Brick Lane, by Monica Ali, tells the story of a woman named Nazneen, who comes from a Bangladeshi village. She was born premature and her mother did not take her to a doctor, preferring to let Allah decide whether she would live or die. This story was told to her throughout her childhood in Bangladesh. This attitude was imprinted on Nazneen at a young age and the story revolves around her escaping this mental straitjacket. Obeying the traditions of her culture, Nazneen at the age of 18 betrothed to a Bengali man named Chanu that her parents choose for her and is forced to move to London with him. In London, Nazneen feels out of place and lonely, until she meets a man with whom she falls madly in love with. She decides to push fate aside and take control of her own life, by making the choice to start a relationship with this man behind her family's back. Nazneen finally begins to discover the attachment she feels toward her family and the hardships this sense of freedom brings to her. The book nicely displays Nazeen's development and shows how she grows as a character. In the beginning of the novel Nazneen is very shy, naive, and over powered, but towards the end she becomes much stronger and much more in-charge of her live. In the background of the story is the pre and post 9/11 lives of Muslim immigrants in the west provided from Nazneen's perspective.
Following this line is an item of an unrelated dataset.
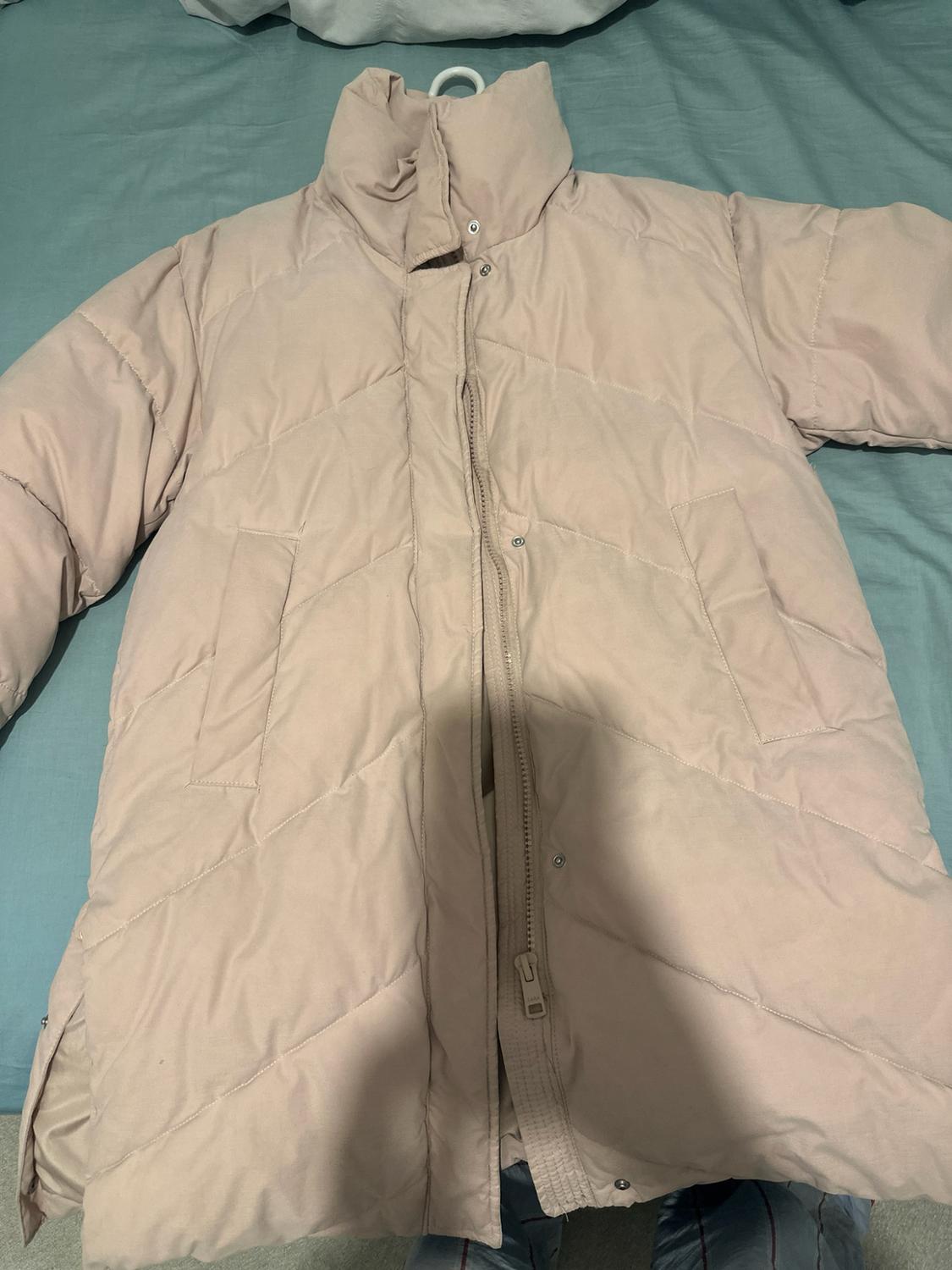 Light pink quilted coat with a high neck and pockets, laid out on blue sheets.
From the moment I began to read this novel, I was absorbed into the life of Nazneen. Ali's descriptive writing makes one feel as if they alongside the character, going through her struggles and feeling her pain. I recommend this novel to readers who enjoy moving love stories, learning about new cultures, and experiencing the emotions of life. I very much enjoyed Monica Ali's cunning sense of metaphors, and her play on ideas. Monica has the power to make her audience physically sense her writing. I could smell the spices and feel Nazneen's disgust when observing Chanu's sloppiness. I had a difficult time putting it down, BUT there were parts that were somewhat dry, specially the letters :o( I loved how the details of London street-life are colored by Nazneen's lack of experience with the modern world. Brick Lane didn't wrap me up like some books do but the food descriptions made me very hungry, I rummaged through my freezer quite a few times and devoured samosas while reading this book :)
The Namesake and Interpreter of Maladies are good books by Jhumpa Lahiri , very touching and quite true to the reality that immigrants and children of immigrants from any nationality have to face.